Please give every line below again exactly, but not its pictures.

---------- Collected material

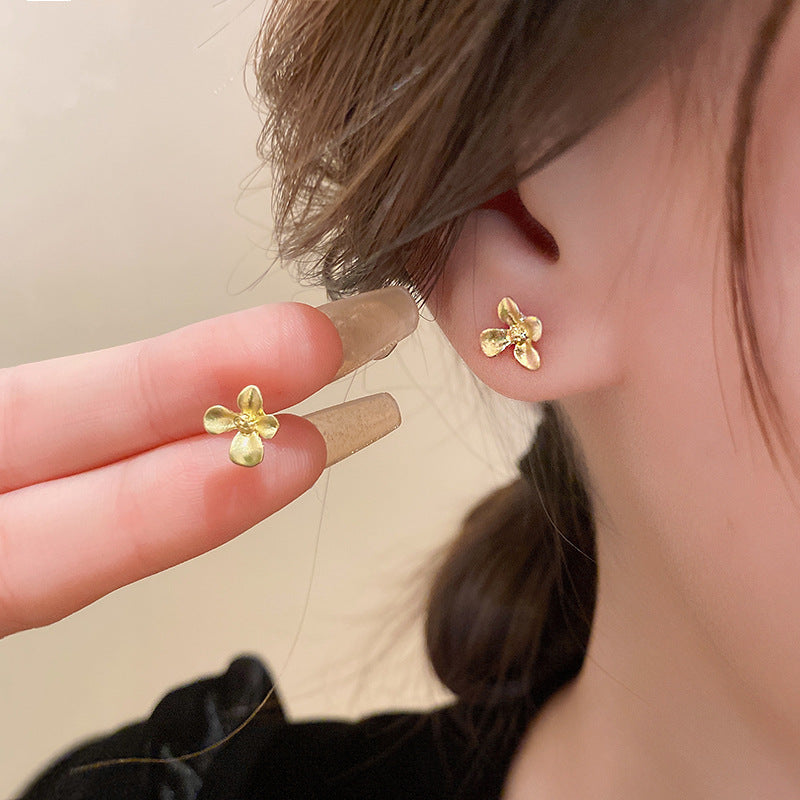 Silver needle metal earrings, high-end simple stud earrings, fashionable versatile light luxury personalized niche earrings, Yiwu wholesale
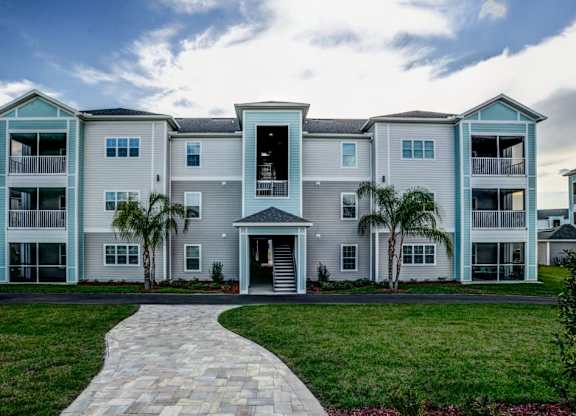 Green Space Walking Trail at Century Ariva, Lakeland Florida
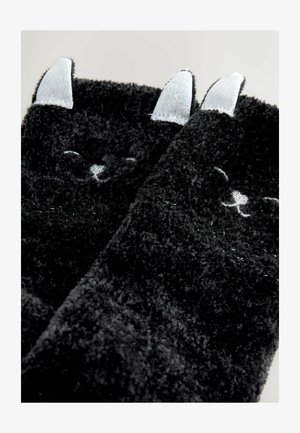 Svarta fluffiga strumpor med mjuk textur, med broderade kattansiktsdetaljer och glänsande silveröron.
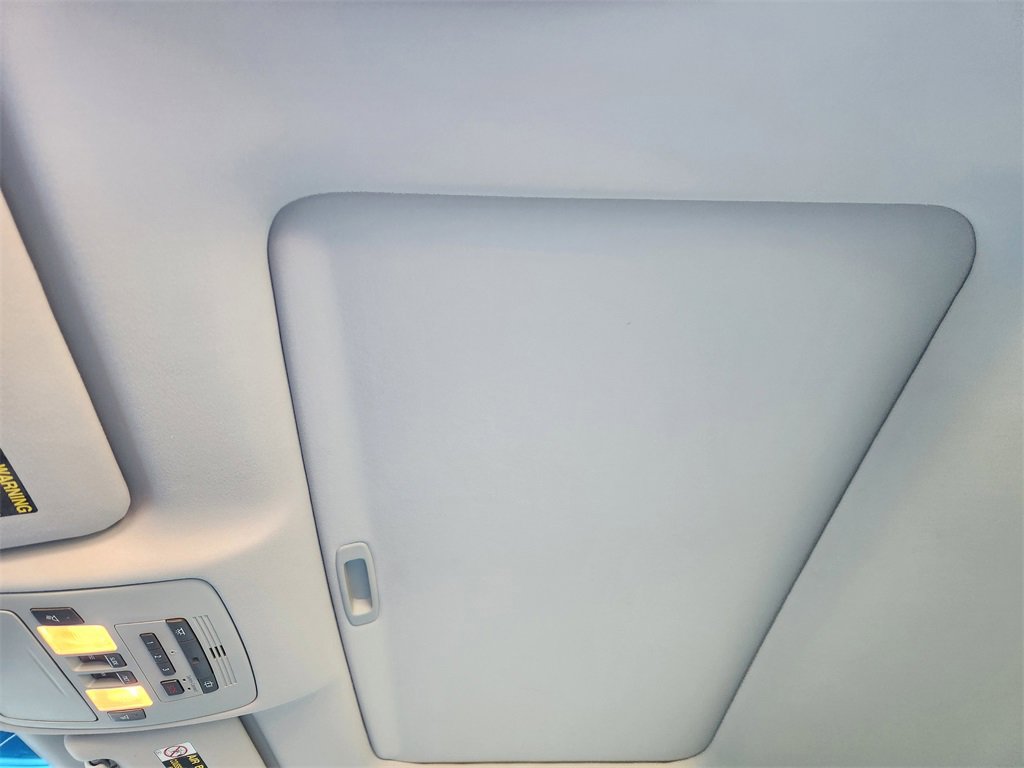 Used 2011 Lexus ES 350 image 24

--------------------

- _Worked solution_:
 Silver needle metal earrings, high-end simple stud earrings, fashionable versatile light luxury personalized niche earrings, Yiwu wholesale
 Green Space Walking Trail at Century Ariva, Lakeland Florida
 Svarta fluffiga strumpor med mjuk textur, med broderade kattansiktsdetaljer och glänsande silveröron.
 Used 2011 Lexus ES 350 image 24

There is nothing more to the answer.